What changes ethically if literature names an “act” (Derrida, 1992) as opposed to a “thing done” (James, 1904), an event or eventuation alongside a deed? What, indeed, are the ethics of literature, and further, of reading, of genre, of performance, of translation, of fiction, of critique, of practice? With the late Philip Roth, are we satisfied that literature’s “high calling” is a function of an “ethical dimension that had to do with being true to the words, with being true to the imagined thing” (2008), the moral perfectionism, as it were, of sentences? What other dimensions lie alongside or even vie with rhetorical/imaginative fidelity, of truth-telling? Similarly, do acts of reading and criticism do more or otherwise than tell truth? If criticism, for example, “exists as a public’s mode of comportment…detach[ing] art from its irresponsibility by envisaging its technique” (Levinas, 1968), where does annotation end and adjudication begin? What is “the ethical turn” in literary questioning turning from or towards or around or against, as overseen by modulations in the last thirty years or so of humanities research?
Under this special issue’s governing rubric, propositions and citations like those above map provisional coordinates for its conceptual focus. Papers that explore inter-discursive possibilities are particularly welcome, as are those that situate themselves in the contested “between” of literature-and-ethics. Essays might feature treatments of individual texts or genres, (including film and other media), the elaboration of intertexts, or theoretical interventions, both literary and philosophical.
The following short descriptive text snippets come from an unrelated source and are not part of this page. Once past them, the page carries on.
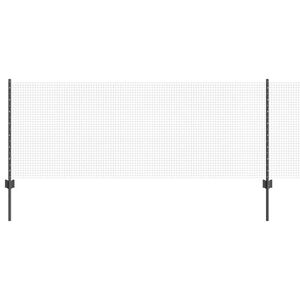 vidaXL gelast draadhek met palen 50 x 0,8 m PVC-Coated Staal Grijs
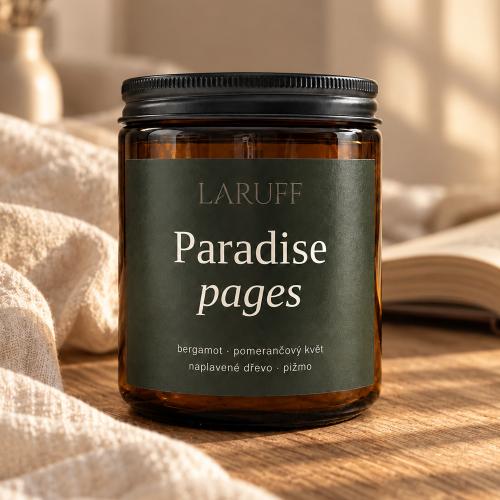 Paradise Pages - Sójová svíčka s dřevěným knotem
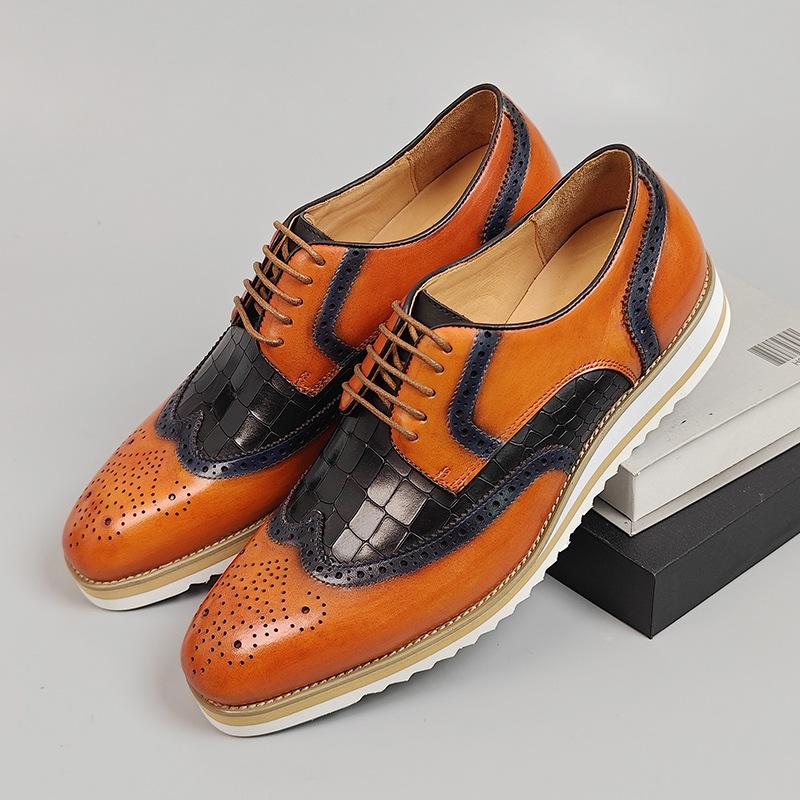 Genuine Brogue Leather Men Shoes High Grade Fashion Formal Office Oxford Male Footwear Pure Handmade Social Party Dress Man Shoe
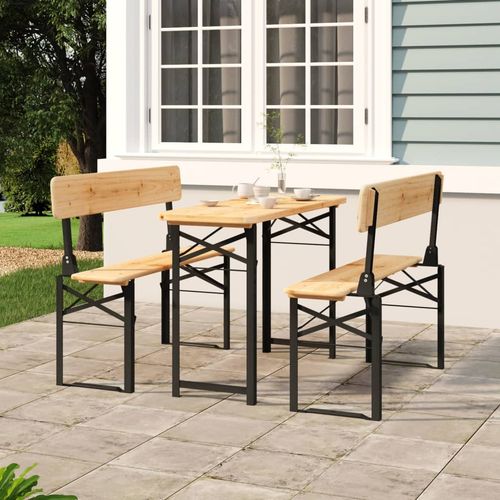 vidaXL 3 Piece Folding Beer Table Set Solid Wood Fir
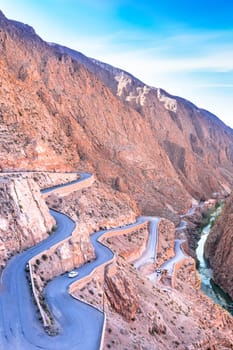 Dades Gorge is a beautiful road between the Atlas Mountains in Morocco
Following are some suggested perspectives: meta-ethical and literary theory; analytic and continental philosophical schools; “the way we read now”; rhetoric(s); interpretive community, technology of representation; cultural, historical, national/hemispheric context; ancient, modern, or contemporary cultures; comparative frameworks; language and translation; aesthetics, truth, eventfulness; ethno-racial identity, nationality, and gender; embodiment and materiality; humanism and posthumanism; digital humanities, intermediality, and the 21st century university; pedagogy and the archive; politics and the political; the public space; globalism and the planetary; ecocriticism and environmental humanities; the human and its others; the contemporary post-/anti-liberal moment; homage, e.g. Roth, Ashbery, Le Guin, Walcott, C.D. Wright, Imre Kertész, Liu Xiaobo, Stanley Cavell.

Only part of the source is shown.